Excavated Pinfire Cartridges from the American Civil War

Over the past few posts we have taken a look at the three American companies that manufactured pinfire cartridges for use in the American Civil War. Between Allen & Wheelock, Christian Sharps and C.D. Leet they manufactured a total of 1,572,000 pinfire cartridges. 

However there is no known documentation on which manufacturers we imported additional cartridges from. We know that the Union Army purchased at least 200,000 cartridges with the large order of Lefaucheux revolvers from France. We know some of the smaller purchases also came with cartridges. We also know that the Confederate States Army had pinfire cartridges stored in their arsenals and used pinfire revolvers.

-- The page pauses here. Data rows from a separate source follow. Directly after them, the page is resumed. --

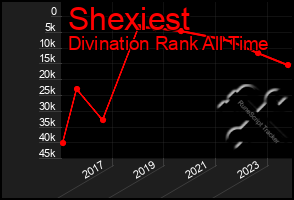 Total Graph of Shexiest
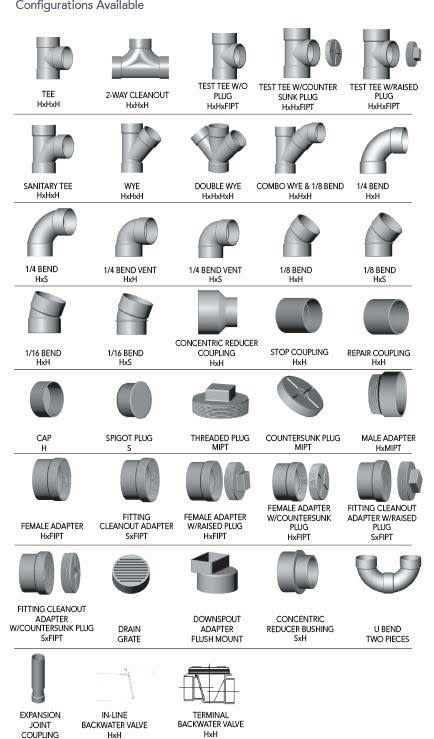 Chart Of Pvc Fittings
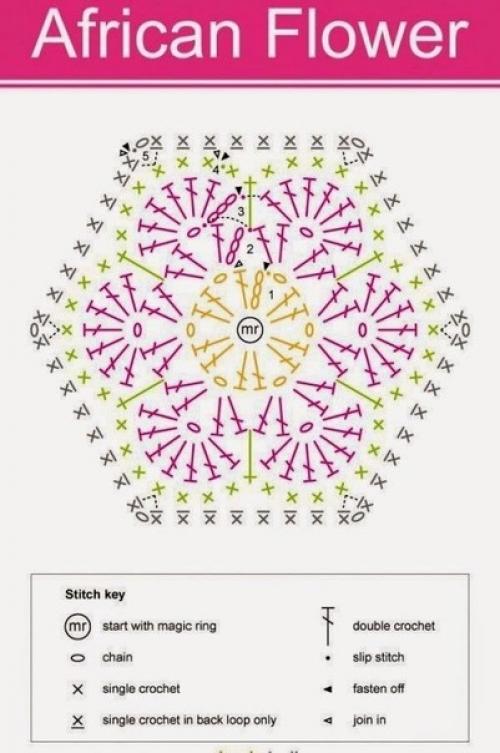 Африканские цветы в подушках. 07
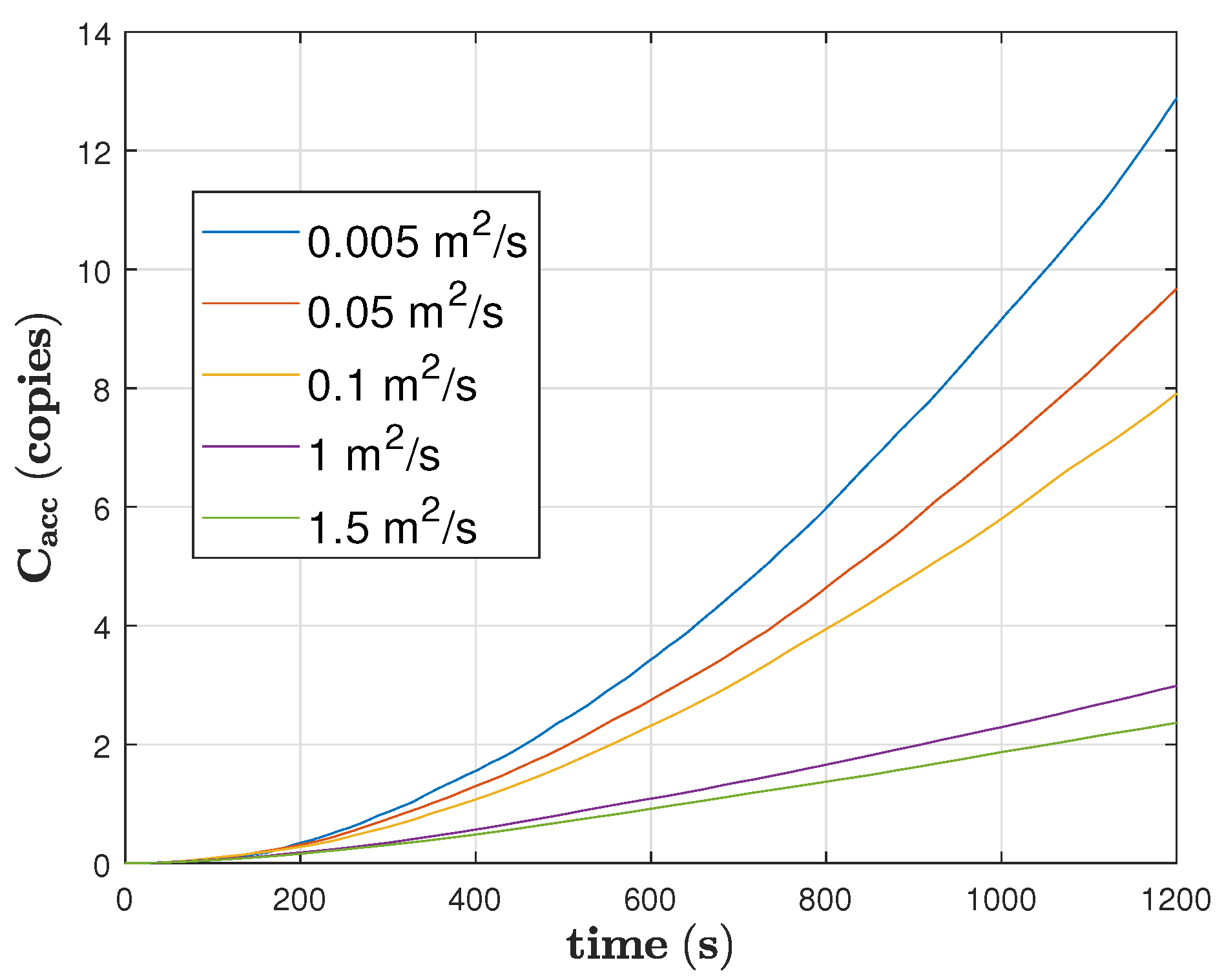 Mathematics 11 00254 g0a2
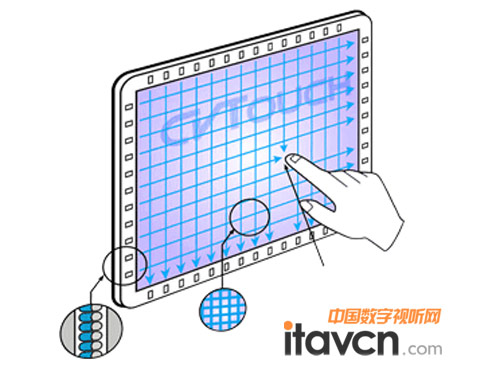 CVTouch T系列紅外觸摸框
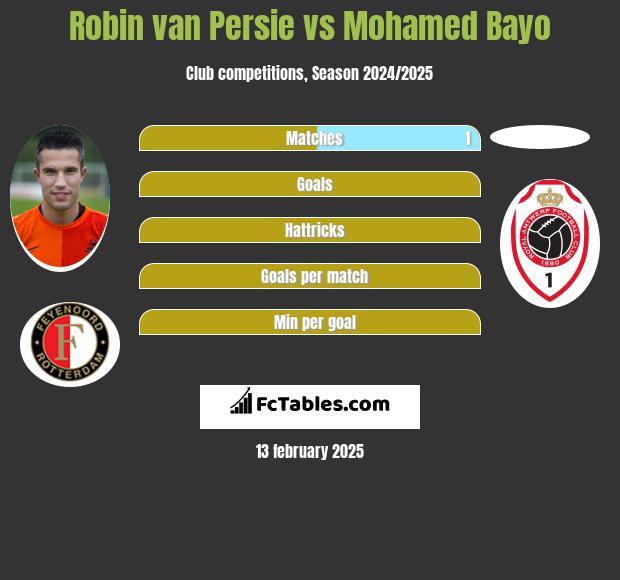 Robin van Persie vs Mohamed Bayo h2h player stats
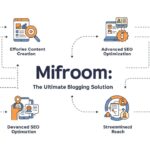 mifroom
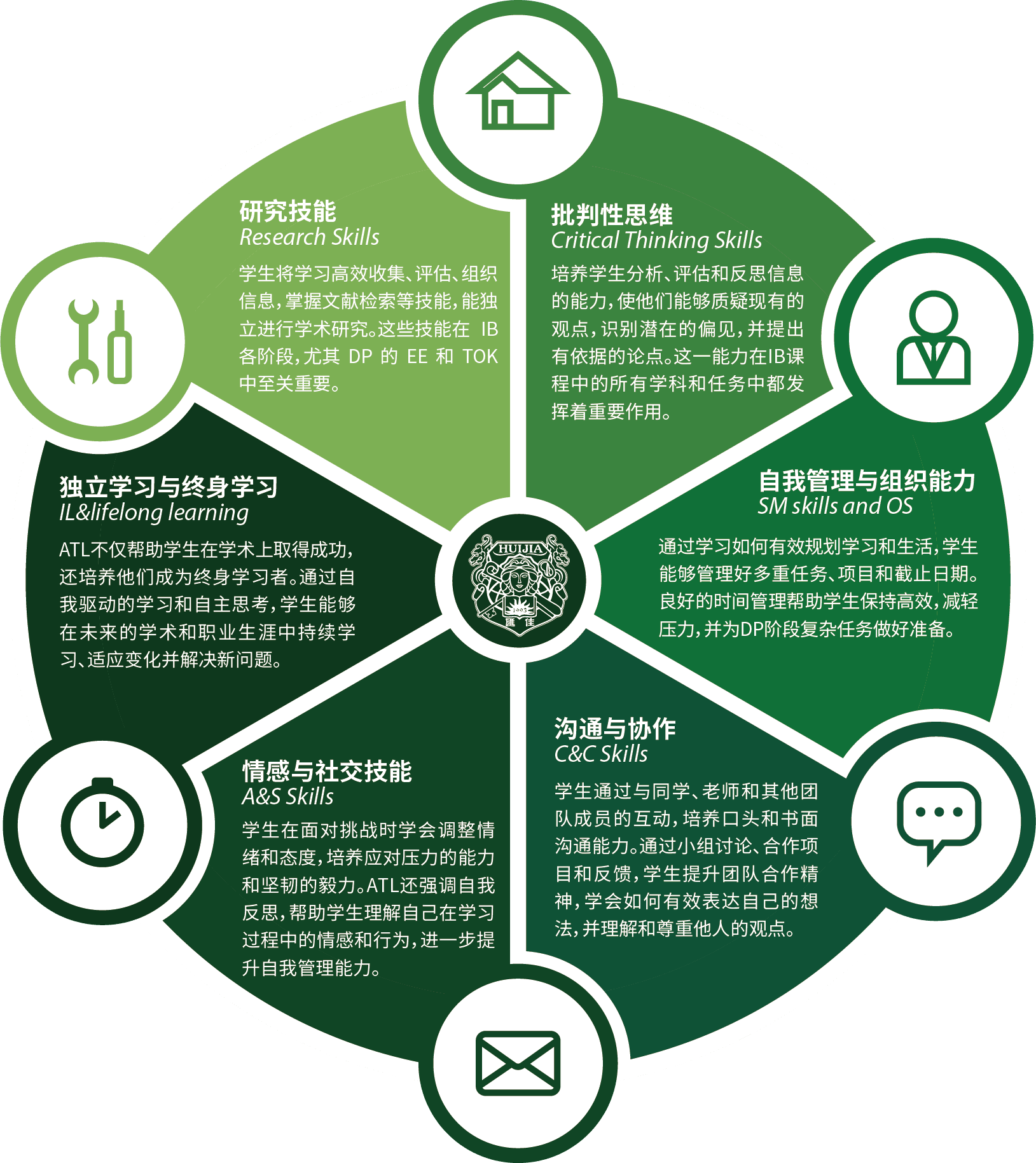 ATL SKILLS：ATL Skills (学习方法)是IB 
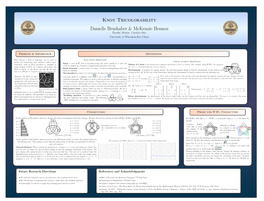 Knot Tricolorability Danielle Brushaber & Mckenzie Hennen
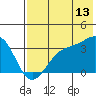 Kanaga Bay tide chart for Thursday, July 13, 2023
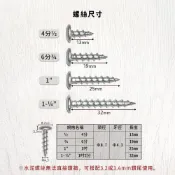 (店+)螺絲【台灣製造】高張力螺絲 高扭力螺絲 螺絲 m6螺絲 m3螺絲 白鐵水泥螺絲 水泥鑽尾 壁虎 膨脹螺絲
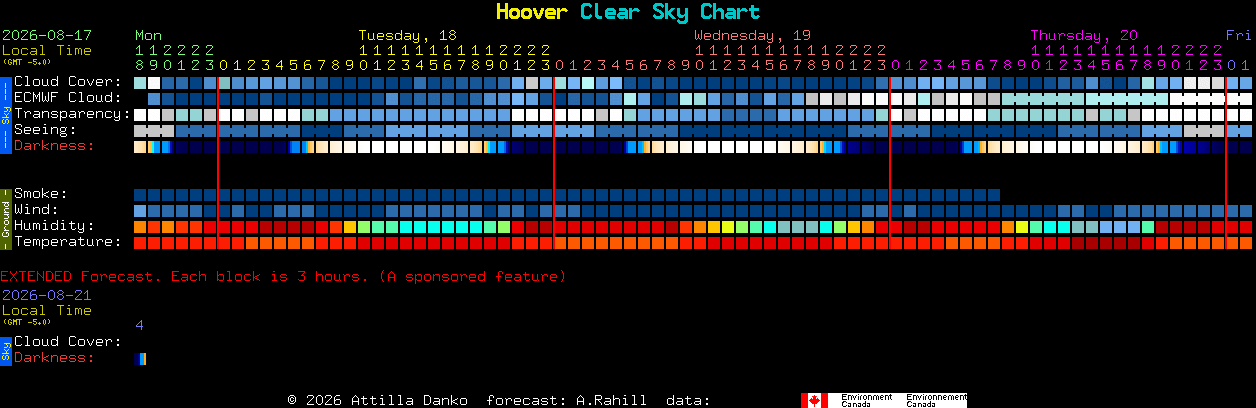 Current forecast for Hoover Clear Sky Chart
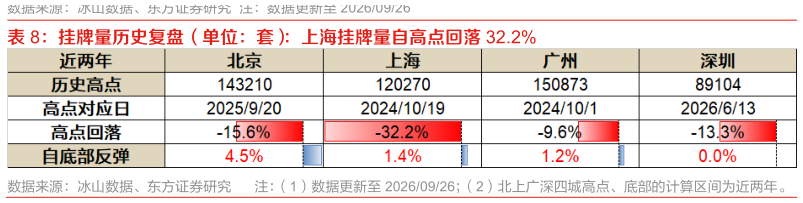 谁知道挂牌量历史复盘（单位：套）：上海挂牌量自高点回落 32.2%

So I figured the only way to answer this question was to acquire the actual cartridges they used. And that is exactly what this article is going to focus on.

Selma Arsenal Inventory

On August 13, 1864 an arsenal inspection of the Selma Arsenal showed that the Confederate States Army had 52,800 pinfire cartridges in stock. Various inspection reports also list cartridges in Union arsenals as well as pinfire revolvers in use by various Union and Confederate units.

As you can see in the image below and the map above, pinfire cartridges were used about everywhere there was fighting going on. Many of these cartridges were found at places specifically identified as Confederate or Union encampments. Others were found on battlefields where it is harder to specify which side would have dropped the cartridge. But from about 90 examples I have acquired I am beginning to get a decent understanding of which manufacturers provided pinfire cartridges for use in the American Civil War and to which side. Also, and even though 90 cartridges is not a huge amount of data to start from, when you consider that only 10 of these are the American made cartridges (that we know how many were made,) you could extrapolate that to make a guess that close to 14,000,000 pinfire cartridges were purchased for use in the war. This seems like a large number but is less (maybe far less since there is no exact known number of revolvers the Confederates used) than 1000 cartridges per pinfire revolver over the full course of the war. So maybe it was more maybe it was less but that seems like a reasonable estimate.

As to the manufacturers of these cartridges, some of them I have been unable to identify but the majority of them have readable headstamps or identifiable features that have allowed them to be identified.

My general findings are that both sides used a majority of revolver cartridges that were manufactured by Gevelot. The Union Army used the American made cartridges we have discussed. Cartridges by Chaudun and by Chaudun & Derivière have been found at locations that are identified as Confederate encampments. Cartridges by Charles Fusnot and Houllier-Blanchard have been found but are not tied to a specific side. Many shotshells in various gauges were used by both sides and nearly all of them were made by Eley Bros.